From d8010d1c1f6a3bfc7180ffb1634bdc3d63e18c13 Mon Sep 17 00:00:00 2001
From: Kevin Darbyshire-Bryant <ldir@darbyshire-bryant.me.uk>
Date: Sat, 23 Mar 2019 10:21:03 +0000
Subject: [PATCH] savedscp

Signed-off-by: Kevin Darbyshire-Bryant <ldir@darbyshire-bryant.me.uk>
---
 extensions/libxt_CONNMARK.c           | 75 ++++++++++++++++++++++++++-
 include/linux/netfilter/xt_connmark.h |  3 +-
 2 files changed, 76 insertions(+), 2 deletions(-)
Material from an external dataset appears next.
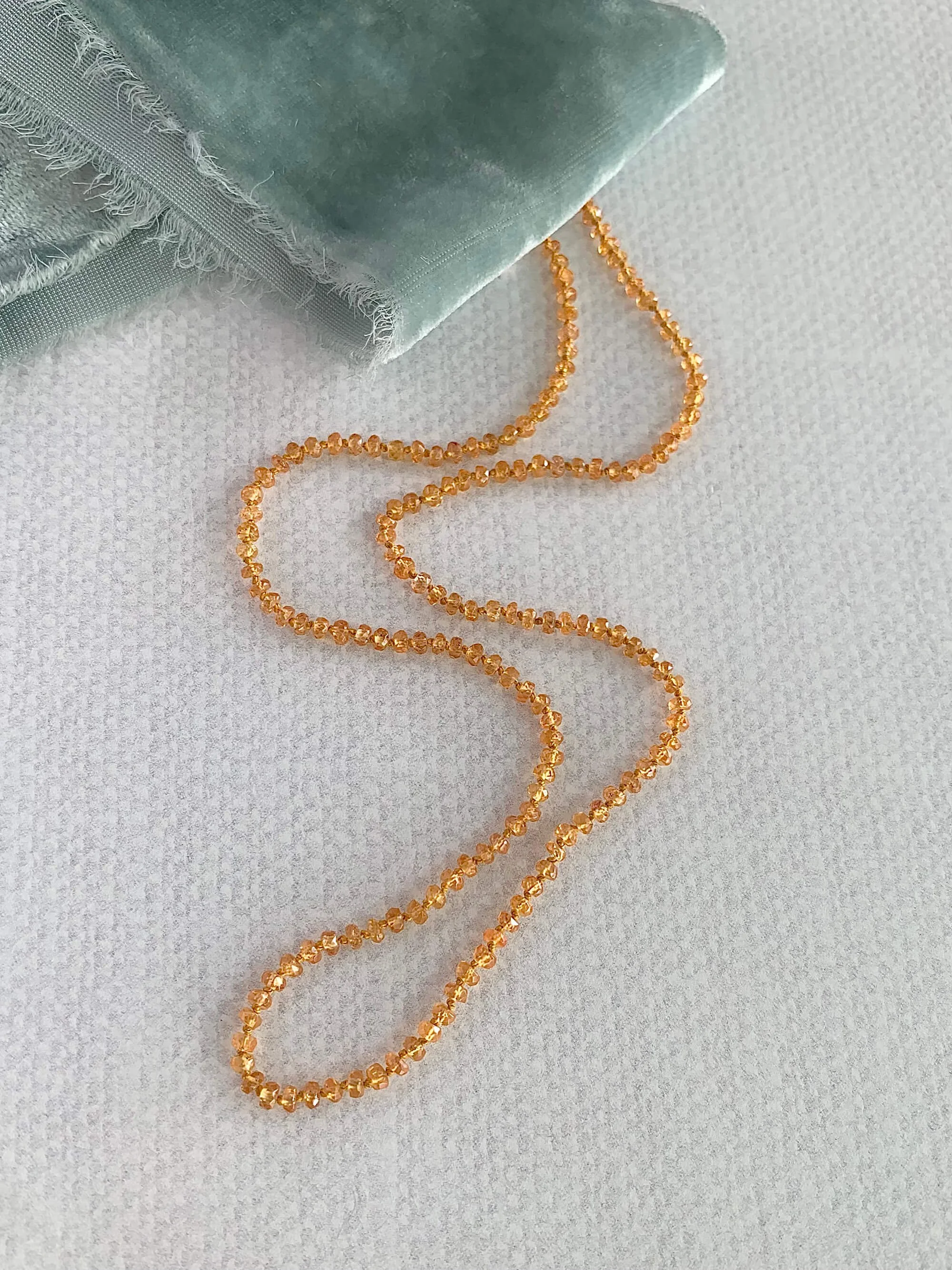 Hand-Knotted Spessartine Garnet Silver Strand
diff --git a/extensions/libxt_CONNMARK.c b/extensions/libxt_CONNMARK.c
index 21e10913..72a91f23 100644
--- a/extensions/libxt_CONNMARK.c
+++ b/extensions/libxt_CONNMARK.c
@@ -49,6 +49,7 @@ enum {
 	O_CTMASK,
 	O_NFMASK,
 	O_MASK,
+	O_SAVEDSCP_MARK,
 	F_SET_MARK         = 1 << O_SET_MARK,
 	F_SAVE_MARK        = 1 << O_SAVE_MARK,
 	F_RESTORE_MARK     = 1 << O_RESTORE_MARK,
@@ -61,8 +62,10 @@ enum {
 	F_CTMASK           = 1 << O_CTMASK,
 	F_NFMASK           = 1 << O_NFMASK,
 	F_MASK             = 1 << O_MASK,
+	F_SAVEDSCP_MARK	   = 1 << O_SAVEDSCP_MARK,
 	F_OP_ANY           = F_SET_MARK | F_SAVE_MARK | F_RESTORE_MARK |
-	                     F_AND_MARK | F_OR_MARK | F_XOR_MARK | F_SET_XMARK,
+	                     F_AND_MARK | F_OR_MARK | F_XOR_MARK | F_SET_XMARK |
+			     F_SAVEDSCP_MARK,
 };
 
 static const char *const xt_connmark_shift_ops[] = {
@@ -75,6 +78,7 @@ static void CONNMARK_help(void)
 	printf(
 "CONNMARK target options:\n"
 "  --set-mark value[/mask]       Set conntrack mark value\n"
+"  --savedscp-mark value/mask    Save DSCP to conntrack mark value\n"
 "  --save-mark [--mask mask]     Save the packet nfmark in the connection\n"
 "  --restore-mark [--mask mask]  Restore saved nfmark value\n");
 }
@@ -83,6 +87,8 @@ static void CONNMARK_help(void)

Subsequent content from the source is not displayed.